4

I'm fitting a hierarchical model to some data, the fit appears to converge acceptably.

with pm.Model() as model:
    mu_a = pm.Normal('mu_a', 0, sd=.2)
    sigma_b = pm.HalfNormal('sig_a', 0.1)

    mean = pm.Normal('mean', mu_a, sigma_b, shape=n)
    std = pm.HalfNormal('std', 0.01 , shape=n)

    means = mean[h]
    stds = std[h]

    y = pm.Laplace('y', mu=means, b=stds, observed=data) 
    hierarchical_trace = pm.sample(2000, n_init=30000) 

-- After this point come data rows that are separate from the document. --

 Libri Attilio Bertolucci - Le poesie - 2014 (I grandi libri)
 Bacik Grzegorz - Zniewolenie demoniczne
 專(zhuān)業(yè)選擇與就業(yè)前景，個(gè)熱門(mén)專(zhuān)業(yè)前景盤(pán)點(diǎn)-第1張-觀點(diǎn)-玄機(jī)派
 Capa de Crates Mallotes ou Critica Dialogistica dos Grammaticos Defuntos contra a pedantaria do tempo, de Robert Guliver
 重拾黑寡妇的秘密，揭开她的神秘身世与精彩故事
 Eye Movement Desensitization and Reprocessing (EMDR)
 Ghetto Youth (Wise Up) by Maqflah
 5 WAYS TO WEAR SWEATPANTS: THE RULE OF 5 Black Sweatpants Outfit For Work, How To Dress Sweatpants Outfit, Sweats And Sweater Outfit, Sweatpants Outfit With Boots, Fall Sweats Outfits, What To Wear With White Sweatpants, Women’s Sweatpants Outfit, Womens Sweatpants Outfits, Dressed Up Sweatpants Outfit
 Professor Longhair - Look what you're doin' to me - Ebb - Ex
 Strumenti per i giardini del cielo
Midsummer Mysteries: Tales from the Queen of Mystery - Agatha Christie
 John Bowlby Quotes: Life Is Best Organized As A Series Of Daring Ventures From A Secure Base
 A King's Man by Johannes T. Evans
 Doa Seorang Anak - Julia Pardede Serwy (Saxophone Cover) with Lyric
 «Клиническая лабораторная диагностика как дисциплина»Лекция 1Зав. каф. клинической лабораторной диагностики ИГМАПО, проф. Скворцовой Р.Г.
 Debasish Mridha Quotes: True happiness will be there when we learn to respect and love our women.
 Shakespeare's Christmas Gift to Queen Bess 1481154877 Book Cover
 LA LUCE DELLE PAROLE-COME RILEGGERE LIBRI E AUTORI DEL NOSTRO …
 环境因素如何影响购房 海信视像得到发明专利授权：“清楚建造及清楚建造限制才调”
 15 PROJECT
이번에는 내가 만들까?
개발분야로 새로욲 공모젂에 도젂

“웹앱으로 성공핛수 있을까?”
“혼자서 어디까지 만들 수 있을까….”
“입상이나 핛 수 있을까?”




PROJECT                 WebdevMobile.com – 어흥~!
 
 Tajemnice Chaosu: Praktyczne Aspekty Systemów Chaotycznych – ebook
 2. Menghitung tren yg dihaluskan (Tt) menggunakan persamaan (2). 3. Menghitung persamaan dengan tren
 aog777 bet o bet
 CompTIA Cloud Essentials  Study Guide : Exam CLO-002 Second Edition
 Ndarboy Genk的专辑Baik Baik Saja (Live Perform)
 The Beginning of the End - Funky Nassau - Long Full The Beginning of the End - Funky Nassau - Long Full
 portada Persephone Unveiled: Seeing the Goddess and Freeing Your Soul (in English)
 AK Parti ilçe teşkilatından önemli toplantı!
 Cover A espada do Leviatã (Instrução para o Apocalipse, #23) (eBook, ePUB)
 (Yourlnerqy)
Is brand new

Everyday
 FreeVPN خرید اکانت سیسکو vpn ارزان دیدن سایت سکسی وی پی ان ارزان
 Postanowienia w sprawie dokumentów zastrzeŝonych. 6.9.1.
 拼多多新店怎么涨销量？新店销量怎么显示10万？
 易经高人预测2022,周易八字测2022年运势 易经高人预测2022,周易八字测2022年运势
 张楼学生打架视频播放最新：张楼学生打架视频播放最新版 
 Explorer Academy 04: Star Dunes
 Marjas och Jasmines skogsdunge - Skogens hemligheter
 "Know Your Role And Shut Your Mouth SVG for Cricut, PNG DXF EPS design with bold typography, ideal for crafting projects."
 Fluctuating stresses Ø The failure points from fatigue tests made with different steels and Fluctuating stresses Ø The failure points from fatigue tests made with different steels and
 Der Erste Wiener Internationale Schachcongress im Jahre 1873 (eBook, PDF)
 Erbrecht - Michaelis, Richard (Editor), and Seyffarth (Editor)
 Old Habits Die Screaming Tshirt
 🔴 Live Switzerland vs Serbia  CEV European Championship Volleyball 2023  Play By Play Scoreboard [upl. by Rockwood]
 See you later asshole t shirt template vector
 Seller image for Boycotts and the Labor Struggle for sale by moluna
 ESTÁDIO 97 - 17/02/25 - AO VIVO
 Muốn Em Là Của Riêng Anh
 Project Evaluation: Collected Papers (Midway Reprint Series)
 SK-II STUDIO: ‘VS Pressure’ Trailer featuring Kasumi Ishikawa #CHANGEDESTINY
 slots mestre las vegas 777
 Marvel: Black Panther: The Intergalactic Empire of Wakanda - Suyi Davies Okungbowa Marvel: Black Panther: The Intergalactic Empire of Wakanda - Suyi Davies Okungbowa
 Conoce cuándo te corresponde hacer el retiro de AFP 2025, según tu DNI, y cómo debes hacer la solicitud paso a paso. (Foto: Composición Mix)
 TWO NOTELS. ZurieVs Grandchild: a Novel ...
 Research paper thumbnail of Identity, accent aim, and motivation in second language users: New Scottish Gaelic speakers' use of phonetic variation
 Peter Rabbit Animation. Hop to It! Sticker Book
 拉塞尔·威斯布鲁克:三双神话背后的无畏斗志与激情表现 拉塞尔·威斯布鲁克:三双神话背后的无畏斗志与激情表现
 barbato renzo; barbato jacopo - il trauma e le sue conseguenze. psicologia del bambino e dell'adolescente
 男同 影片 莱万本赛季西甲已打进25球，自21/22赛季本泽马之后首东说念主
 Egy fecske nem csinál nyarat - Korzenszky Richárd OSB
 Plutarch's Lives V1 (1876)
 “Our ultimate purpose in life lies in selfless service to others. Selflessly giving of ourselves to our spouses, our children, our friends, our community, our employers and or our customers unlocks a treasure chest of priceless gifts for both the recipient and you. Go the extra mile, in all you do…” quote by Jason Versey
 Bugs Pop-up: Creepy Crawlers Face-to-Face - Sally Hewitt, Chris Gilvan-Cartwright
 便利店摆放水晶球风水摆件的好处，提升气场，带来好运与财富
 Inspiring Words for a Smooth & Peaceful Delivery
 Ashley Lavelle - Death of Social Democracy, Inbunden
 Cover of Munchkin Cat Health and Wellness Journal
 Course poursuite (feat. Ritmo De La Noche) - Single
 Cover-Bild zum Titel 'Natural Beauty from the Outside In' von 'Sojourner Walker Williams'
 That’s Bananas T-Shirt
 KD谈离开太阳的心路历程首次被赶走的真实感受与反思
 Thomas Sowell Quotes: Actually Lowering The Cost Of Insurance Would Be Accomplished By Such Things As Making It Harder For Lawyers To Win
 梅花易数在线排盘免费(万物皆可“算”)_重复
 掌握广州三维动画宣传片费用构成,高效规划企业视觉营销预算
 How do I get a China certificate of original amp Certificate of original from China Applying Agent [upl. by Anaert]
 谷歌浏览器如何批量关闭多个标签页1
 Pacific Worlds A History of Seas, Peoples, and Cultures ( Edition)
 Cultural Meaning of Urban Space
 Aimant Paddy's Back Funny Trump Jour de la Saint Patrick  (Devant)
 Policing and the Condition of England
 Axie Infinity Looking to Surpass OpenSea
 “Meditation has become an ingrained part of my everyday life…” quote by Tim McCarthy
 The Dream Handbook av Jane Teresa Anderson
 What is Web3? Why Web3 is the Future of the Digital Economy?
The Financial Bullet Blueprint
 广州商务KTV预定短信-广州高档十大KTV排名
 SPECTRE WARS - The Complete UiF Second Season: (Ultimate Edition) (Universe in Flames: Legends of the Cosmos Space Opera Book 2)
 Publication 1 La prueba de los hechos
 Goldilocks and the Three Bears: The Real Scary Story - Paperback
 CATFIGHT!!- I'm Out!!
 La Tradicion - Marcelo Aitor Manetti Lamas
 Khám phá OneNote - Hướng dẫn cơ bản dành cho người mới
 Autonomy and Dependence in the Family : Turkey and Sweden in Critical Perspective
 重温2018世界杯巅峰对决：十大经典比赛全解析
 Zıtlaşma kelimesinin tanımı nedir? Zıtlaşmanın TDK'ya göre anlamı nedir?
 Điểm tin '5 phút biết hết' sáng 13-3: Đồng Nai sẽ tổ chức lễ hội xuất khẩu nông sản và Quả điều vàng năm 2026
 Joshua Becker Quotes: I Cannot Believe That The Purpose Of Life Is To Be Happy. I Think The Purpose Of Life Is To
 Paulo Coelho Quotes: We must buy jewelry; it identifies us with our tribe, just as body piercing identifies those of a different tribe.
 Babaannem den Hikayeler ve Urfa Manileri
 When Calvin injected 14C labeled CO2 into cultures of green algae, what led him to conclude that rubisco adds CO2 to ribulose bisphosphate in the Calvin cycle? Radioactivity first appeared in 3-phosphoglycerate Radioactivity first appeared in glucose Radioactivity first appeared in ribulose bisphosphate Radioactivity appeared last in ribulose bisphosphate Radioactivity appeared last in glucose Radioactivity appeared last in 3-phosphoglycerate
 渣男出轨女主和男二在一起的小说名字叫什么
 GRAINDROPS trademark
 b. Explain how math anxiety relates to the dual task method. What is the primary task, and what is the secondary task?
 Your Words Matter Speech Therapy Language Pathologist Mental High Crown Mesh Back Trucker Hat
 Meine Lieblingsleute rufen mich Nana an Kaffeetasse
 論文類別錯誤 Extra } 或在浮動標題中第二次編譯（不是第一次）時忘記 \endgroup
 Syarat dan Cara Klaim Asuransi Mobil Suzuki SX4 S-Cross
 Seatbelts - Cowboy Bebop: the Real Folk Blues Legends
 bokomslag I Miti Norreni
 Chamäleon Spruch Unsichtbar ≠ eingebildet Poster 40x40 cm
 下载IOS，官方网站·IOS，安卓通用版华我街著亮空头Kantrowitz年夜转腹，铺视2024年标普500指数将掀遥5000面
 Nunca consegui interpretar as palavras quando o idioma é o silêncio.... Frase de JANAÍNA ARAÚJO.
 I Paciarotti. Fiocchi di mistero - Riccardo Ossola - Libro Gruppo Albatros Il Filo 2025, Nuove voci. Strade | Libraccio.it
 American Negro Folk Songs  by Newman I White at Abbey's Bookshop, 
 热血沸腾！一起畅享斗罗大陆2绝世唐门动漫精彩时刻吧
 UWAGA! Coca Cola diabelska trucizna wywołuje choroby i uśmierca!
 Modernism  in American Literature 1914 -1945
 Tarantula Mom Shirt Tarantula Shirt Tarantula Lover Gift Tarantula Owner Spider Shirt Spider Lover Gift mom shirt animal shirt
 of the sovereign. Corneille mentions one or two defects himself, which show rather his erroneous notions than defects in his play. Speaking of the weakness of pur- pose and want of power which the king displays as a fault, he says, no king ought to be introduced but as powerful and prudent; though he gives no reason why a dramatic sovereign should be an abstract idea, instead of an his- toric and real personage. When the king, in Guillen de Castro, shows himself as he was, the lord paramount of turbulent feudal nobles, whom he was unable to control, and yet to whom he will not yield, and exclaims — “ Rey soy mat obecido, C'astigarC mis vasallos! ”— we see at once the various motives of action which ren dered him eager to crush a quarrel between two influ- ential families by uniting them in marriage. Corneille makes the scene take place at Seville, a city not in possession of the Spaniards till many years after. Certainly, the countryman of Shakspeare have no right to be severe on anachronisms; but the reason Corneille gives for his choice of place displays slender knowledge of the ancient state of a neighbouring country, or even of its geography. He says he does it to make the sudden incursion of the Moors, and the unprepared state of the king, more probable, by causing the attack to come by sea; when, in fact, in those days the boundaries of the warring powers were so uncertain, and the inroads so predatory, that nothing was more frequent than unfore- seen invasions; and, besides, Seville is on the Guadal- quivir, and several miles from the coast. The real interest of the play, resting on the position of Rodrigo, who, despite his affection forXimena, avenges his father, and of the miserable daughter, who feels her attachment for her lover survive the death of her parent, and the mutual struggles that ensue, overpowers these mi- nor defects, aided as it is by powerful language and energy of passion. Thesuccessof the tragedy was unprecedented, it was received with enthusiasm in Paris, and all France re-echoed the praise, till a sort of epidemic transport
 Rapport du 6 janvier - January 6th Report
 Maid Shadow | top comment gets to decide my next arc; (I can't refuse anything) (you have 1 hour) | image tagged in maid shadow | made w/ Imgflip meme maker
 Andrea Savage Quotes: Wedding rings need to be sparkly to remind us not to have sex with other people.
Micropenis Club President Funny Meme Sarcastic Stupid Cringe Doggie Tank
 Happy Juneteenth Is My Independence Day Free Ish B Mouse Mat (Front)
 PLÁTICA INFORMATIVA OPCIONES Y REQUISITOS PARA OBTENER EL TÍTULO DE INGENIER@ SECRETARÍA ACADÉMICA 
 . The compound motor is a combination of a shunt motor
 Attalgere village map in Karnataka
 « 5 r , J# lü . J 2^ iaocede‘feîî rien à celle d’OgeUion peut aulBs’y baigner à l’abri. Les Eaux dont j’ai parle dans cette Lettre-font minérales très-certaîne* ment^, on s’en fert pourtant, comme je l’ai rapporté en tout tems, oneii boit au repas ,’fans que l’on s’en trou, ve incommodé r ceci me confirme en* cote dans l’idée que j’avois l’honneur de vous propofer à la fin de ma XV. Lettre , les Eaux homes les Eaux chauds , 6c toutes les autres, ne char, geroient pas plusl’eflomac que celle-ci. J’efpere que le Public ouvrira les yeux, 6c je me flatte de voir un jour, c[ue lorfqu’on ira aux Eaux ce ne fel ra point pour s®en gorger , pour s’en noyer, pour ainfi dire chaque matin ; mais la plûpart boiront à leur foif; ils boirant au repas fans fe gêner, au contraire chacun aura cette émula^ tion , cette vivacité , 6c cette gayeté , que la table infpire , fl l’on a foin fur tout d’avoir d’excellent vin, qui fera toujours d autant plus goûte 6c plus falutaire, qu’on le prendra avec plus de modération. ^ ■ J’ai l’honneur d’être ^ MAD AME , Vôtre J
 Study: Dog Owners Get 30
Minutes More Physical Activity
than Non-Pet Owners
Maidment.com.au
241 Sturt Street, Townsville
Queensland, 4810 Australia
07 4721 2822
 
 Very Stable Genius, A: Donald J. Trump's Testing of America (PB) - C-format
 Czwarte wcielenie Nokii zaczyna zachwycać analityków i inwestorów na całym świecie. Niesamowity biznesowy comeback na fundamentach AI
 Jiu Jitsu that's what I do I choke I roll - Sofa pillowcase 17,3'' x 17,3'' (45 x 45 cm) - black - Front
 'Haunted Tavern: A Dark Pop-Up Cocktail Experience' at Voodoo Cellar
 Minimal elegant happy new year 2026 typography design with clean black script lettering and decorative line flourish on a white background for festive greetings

When checking the posterior predictive the tails seem reasonable, min and max of the data (black line) both seem to be inside the min/max of generated samples (this is not the case with StudentT).

ppc_trace = pm.sample_ppc(model=model, trace=hierarchical_trace)

ppc with min/max/mean of original data

However the mean (right most chart) is way off, i think this is because my data is negatively skewed, so the mass of the data moves the mean too far to the right.

sp.stats.skew(data)

-0.1699020117521286

What is the recommended approach in Pymc3 to model this sort of data. Although it is a symmetric distribution Laplace seems like a good fit for my data. a Gaussian doesn't provide enough weight in the tails (which rules out skew normal?). How can I model this moderately skewed data?

My objective is to obtain an accurate MAP estimate with credible intervals for the different portions of my data (based on the hierarchical specification)

Darren Brien
  • 115
  • 7

1 Answers1

1

Rubber ducked this one... but answer for anyone stumbling along later

I found an asymmetric laplace worked well to address the lack of fit.

def asym_laplace_log_p(x, m, lam, k):
    diff = x - m
    s = tt.sgn(diff)
    return tt.log(lam / (k + 1 /k)) + ( - diff * lam * s * tt.pow(k, s))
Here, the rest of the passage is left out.